→ **Task objective**: Please reproduce each of the entries below exactly as they appear.

→ **Dataset**:

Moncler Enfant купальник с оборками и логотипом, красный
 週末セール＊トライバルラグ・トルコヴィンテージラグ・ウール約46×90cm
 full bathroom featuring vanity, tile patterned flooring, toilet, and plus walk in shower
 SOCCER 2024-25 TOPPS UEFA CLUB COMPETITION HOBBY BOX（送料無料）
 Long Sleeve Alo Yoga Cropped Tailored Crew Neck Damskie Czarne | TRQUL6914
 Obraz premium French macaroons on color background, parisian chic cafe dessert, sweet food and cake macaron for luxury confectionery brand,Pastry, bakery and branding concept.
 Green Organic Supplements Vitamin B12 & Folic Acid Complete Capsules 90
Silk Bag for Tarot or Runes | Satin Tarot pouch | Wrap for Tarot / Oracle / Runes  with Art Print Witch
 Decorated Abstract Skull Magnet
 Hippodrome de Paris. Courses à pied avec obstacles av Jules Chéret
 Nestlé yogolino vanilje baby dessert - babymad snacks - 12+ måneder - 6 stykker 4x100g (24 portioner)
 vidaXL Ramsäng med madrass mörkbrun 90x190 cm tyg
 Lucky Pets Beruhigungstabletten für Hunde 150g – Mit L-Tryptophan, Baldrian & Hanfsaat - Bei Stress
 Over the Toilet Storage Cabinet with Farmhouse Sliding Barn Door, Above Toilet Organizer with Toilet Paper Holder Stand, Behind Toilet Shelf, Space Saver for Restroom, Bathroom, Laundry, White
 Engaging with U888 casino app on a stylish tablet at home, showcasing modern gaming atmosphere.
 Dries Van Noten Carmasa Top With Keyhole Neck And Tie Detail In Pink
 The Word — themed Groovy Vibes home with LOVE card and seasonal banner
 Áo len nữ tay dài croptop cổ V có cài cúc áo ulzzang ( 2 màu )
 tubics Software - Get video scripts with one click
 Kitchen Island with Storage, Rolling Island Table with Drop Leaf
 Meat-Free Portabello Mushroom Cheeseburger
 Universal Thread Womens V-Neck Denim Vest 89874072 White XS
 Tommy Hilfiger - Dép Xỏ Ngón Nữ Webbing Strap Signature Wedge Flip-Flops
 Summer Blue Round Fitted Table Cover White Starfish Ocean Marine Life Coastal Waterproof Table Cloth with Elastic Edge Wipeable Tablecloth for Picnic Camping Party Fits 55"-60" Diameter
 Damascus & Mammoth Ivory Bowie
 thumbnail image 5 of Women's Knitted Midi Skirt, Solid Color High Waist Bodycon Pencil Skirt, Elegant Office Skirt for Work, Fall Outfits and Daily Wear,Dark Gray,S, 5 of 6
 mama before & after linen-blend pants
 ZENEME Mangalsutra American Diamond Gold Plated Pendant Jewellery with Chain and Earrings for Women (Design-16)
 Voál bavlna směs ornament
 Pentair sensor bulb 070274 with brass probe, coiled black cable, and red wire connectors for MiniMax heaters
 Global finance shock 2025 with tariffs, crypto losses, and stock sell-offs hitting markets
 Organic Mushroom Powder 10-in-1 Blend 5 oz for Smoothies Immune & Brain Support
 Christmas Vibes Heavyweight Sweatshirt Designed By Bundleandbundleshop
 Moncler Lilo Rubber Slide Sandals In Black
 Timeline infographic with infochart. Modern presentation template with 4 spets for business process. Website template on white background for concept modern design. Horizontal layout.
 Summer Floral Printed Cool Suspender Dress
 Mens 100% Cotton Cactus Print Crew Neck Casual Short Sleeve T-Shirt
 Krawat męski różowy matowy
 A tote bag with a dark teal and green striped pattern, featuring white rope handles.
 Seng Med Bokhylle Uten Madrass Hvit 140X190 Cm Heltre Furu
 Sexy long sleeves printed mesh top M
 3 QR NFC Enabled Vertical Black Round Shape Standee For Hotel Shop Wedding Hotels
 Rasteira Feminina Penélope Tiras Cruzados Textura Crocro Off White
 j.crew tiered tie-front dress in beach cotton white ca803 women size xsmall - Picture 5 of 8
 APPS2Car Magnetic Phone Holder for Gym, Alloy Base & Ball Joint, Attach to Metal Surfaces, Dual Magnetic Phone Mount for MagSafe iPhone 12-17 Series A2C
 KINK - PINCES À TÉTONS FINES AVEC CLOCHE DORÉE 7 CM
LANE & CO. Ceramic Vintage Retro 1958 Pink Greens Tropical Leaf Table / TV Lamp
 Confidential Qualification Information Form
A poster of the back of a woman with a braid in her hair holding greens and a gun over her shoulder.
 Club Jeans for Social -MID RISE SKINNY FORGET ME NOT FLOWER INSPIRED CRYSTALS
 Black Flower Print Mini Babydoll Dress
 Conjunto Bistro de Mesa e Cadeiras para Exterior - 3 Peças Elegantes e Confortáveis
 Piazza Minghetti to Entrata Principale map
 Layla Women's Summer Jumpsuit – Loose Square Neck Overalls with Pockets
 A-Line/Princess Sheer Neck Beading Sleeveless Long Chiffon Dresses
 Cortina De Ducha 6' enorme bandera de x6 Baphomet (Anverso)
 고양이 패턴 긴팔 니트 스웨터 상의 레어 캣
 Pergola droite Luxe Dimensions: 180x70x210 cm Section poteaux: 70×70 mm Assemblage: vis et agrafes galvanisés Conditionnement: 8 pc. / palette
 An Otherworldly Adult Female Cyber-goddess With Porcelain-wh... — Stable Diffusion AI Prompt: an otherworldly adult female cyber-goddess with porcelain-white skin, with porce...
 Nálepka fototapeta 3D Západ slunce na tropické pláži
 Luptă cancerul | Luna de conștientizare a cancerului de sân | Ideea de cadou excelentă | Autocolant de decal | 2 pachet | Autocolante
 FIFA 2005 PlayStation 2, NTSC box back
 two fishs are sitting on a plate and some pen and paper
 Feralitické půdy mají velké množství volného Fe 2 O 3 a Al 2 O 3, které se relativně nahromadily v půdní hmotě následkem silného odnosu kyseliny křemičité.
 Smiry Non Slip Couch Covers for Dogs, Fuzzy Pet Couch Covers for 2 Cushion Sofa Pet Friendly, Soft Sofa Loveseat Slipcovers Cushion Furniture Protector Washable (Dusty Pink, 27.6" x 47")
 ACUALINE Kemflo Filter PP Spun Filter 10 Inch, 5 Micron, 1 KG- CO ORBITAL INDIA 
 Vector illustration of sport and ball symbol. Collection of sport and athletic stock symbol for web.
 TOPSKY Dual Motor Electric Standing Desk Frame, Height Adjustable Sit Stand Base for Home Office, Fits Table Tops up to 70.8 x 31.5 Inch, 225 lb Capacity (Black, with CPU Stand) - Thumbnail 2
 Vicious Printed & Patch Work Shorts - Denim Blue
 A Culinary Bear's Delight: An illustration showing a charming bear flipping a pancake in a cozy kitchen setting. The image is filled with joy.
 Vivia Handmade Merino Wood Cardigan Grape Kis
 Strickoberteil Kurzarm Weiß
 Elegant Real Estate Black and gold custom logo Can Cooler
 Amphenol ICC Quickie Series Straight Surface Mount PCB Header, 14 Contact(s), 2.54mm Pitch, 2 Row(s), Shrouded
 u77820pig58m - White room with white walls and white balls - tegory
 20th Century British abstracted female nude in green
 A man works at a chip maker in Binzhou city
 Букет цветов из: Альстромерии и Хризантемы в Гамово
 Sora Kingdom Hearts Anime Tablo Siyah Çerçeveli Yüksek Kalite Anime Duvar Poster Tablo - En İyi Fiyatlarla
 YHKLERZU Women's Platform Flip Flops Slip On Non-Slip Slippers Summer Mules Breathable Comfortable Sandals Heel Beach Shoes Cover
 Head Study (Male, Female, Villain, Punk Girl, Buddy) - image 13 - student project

→ **Written answer**:
Moncler Enfant купальник с оборками и логотипом, красный
 週末セール＊トライバルラグ・トルコヴィンテージラグ・ウール約46×90cm
 full bathroom featuring vanity, tile patterned flooring, toilet, and plus walk in shower
 SOCCER 2024-25 TOPPS UEFA CLUB COMPETITION HOBBY BOX（送料無料）
 Long Sleeve Alo Yoga Cropped Tailored Crew Neck Damskie Czarne | TRQUL6914
 Obraz premium French macaroons on color background, parisian chic cafe dessert, sweet food and cake macaron for luxury confectionery brand,Pastry, bakery and branding concept.
 Green Organic Supplements Vitamin B12 & Folic Acid Complete Capsules 90
Silk Bag for Tarot or Runes | Satin Tarot pouch | Wrap for Tarot / Oracle / Runes  with Art Print Witch
 Decorated Abstract Skull Magnet
 Hippodrome de Paris. Courses à pied avec obstacles av Jules Chéret
 Nestlé yogolino vanilje baby dessert - babymad snacks - 12+ måneder - 6 stykker 4x100g (24 portioner)
 vidaXL Ramsäng med madrass mörkbrun 90x190 cm tyg
 Lucky Pets Beruhigungstabletten für Hunde 150g – Mit L-Tryptophan, Baldrian & Hanfsaat - Bei Stress
 Over the Toilet Storage Cabinet with Farmhouse Sliding Barn Door, Above Toilet Organizer with Toilet Paper Holder Stand, Behind Toilet Shelf, Space Saver for Restroom, Bathroom, Laundry, White
 Engaging with U888 casino app on a stylish tablet at home, showcasing modern gaming atmosphere.
 Dries Van Noten Carmasa Top With Keyhole Neck And Tie Detail In Pink
 The Word — themed Groovy Vibes home with LOVE card and seasonal banner
 Áo len nữ tay dài croptop cổ V có cài cúc áo ulzzang ( 2 màu )
 tubics Software - Get video scripts with one click
 Kitchen Island with Storage, Rolling Island Table with Drop Leaf
 Meat-Free Portabello Mushroom Cheeseburger
 Universal Thread Womens V-Neck Denim Vest 89874072 White XS
 Tommy Hilfiger - Dép Xỏ Ngón Nữ Webbing Strap Signature Wedge Flip-Flops
 Summer Blue Round Fitted Table Cover White Starfish Ocean Marine Life Coastal Waterproof Table Cloth with Elastic Edge Wipeable Tablecloth for Picnic Camping Party Fits 55"-60" Diameter
 Damascus & Mammoth Ivory Bowie
 thumbnail image 5 of Women's Knitted Midi Skirt, Solid Color High Waist Bodycon Pencil Skirt, Elegant Office Skirt for Work, Fall Outfits and Daily Wear,Dark Gray,S, 5 of 6
 mama before & after linen-blend pants
 ZENEME Mangalsutra American Diamond Gold Plated Pendant Jewellery with Chain and Earrings for Women (Design-16)
 Voál bavlna směs ornament
 Pentair sensor bulb 070274 with brass probe, coiled black cable, and red wire connectors for MiniMax heaters
 Global finance shock 2025 with tariffs, crypto losses, and stock sell-offs hitting markets
 Organic Mushroom Powder 10-in-1 Blend 5 oz for Smoothies Immune & Brain Support
 Christmas Vibes Heavyweight Sweatshirt Designed By Bundleandbundleshop
 Moncler Lilo Rubber Slide Sandals In Black
 Timeline infographic with infochart. Modern presentation template with 4 spets for business process. Website template on white background for concept modern design. Horizontal layout.
 Summer Floral Printed Cool Suspender Dress
 Mens 100% Cotton Cactus Print Crew Neck Casual Short Sleeve T-Shirt
 Krawat męski różowy matowy
 A tote bag with a dark teal and green striped pattern, featuring white rope handles.
 Seng Med Bokhylle Uten Madrass Hvit 140X190 Cm Heltre Furu
 Sexy long sleeves printed mesh top M
 3 QR NFC Enabled Vertical Black Round Shape Standee For Hotel Shop Wedding Hotels
 Rasteira Feminina Penélope Tiras Cruzados Textura Crocro Off White
 j.crew tiered tie-front dress in beach cotton white ca803 women size xsmall - Picture 5 of 8
 APPS2Car Magnetic Phone Holder for Gym, Alloy Base & Ball Joint, Attach to Metal Surfaces, Dual Magnetic Phone Mount for MagSafe iPhone 12-17 Series A2C
 KINK - PINCES À TÉTONS FINES AVEC CLOCHE DORÉE 7 CM
LANE & CO. Ceramic Vintage Retro 1958 Pink Greens Tropical Leaf Table / TV Lamp
 Confidential Qualification Information Form
A poster of the back of a woman with a braid in her hair holding greens and a gun over her shoulder.
 Club Jeans for Social -MID RISE SKINNY FORGET ME NOT FLOWER INSPIRED CRYSTALS
 Black Flower Print Mini Babydoll Dress
 Conjunto Bistro de Mesa e Cadeiras para Exterior - 3 Peças Elegantes e Confortáveis
 Piazza Minghetti to Entrata Principale map
 Layla Women's Summer Jumpsuit – Loose Square Neck Overalls with Pockets
 A-Line/Princess Sheer Neck Beading Sleeveless Long Chiffon Dresses
 Cortina De Ducha 6' enorme bandera de x6 Baphomet (Anverso)
 고양이 패턴 긴팔 니트 스웨터 상의 레어 캣
 Pergola droite Luxe Dimensions: 180x70x210 cm Section poteaux: 70×70 mm Assemblage: vis et agrafes galvanisés Conditionnement: 8 pc. / palette
 An Otherworldly Adult Female Cyber-goddess With Porcelain-wh... — Stable Diffusion AI Prompt: an otherworldly adult female cyber-goddess with porcelain-white skin, with porce...
 Nálepka fototapeta 3D Západ slunce na tropické pláži
 Luptă cancerul | Luna de conștientizare a cancerului de sân | Ideea de cadou excelentă | Autocolant de decal | 2 pachet | Autocolante
 FIFA 2005 PlayStation 2, NTSC box back
 two fishs are sitting on a plate and some pen and paper
 Feralitické půdy mají velké množství volného Fe 2 O 3 a Al 2 O 3, které se relativně nahromadily v půdní hmotě následkem silného odnosu kyseliny křemičité.
 Smiry Non Slip Couch Covers for Dogs, Fuzzy Pet Couch Covers for 2 Cushion Sofa Pet Friendly, Soft Sofa Loveseat Slipcovers Cushion Furniture Protector Washable (Dusty Pink, 27.6" x 47")
 ACUALINE Kemflo Filter PP Spun Filter 10 Inch, 5 Micron, 1 KG- CO ORBITAL INDIA 
 Vector illustration of sport and ball symbol. Collection of sport and athletic stock symbol for web.
 TOPSKY Dual Motor Electric Standing Desk Frame, Height Adjustable Sit Stand Base for Home Office, Fits Table Tops up to 70.8 x 31.5 Inch, 225 lb Capacity (Black, with CPU Stand) - Thumbnail 2
 Vicious Printed & Patch Work Shorts - Denim Blue
 A Culinary Bear's Delight: An illustration showing a charming bear flipping a pancake in a cozy kitchen setting. The image is filled with joy.
 Vivia Handmade Merino Wood Cardigan Grape Kis
 Strickoberteil Kurzarm Weiß
 Elegant Real Estate Black and gold custom logo Can Cooler
 Amphenol ICC Quickie Series Straight Surface Mount PCB Header, 14 Contact(s), 2.54mm Pitch, 2 Row(s), Shrouded
 u77820pig58m - White room with white walls and white balls - tegory
 20th Century British abstracted female nude in green
 A man works at a chip maker in Binzhou city
 Букет цветов из: Альстромерии и Хризантемы в Гамово
 Sora Kingdom Hearts Anime Tablo Siyah Çerçeveli Yüksek Kalite Anime Duvar Poster Tablo - En İyi Fiyatlarla
 YHKLERZU Women's Platform Flip Flops Slip On Non-Slip Slippers Summer Mules Breathable Comfortable Sandals Heel Beach Shoes Cover
 Head Study (Male, Female, Villain, Punk Girl, Buddy) - image 13 - student project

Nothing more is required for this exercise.